(Supplied information Opens)

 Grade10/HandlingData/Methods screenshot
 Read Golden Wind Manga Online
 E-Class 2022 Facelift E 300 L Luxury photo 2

(Supplied information Closes)

What needs to be done
For the lines from the one containing "Read Golden Wind Manga Online" through the end of the listing above, output each exactly and leave out the rest.

Task response
 Read Golden Wind Manga Online
 E-Class 2022 Facelift E 300 L Luxury photo 2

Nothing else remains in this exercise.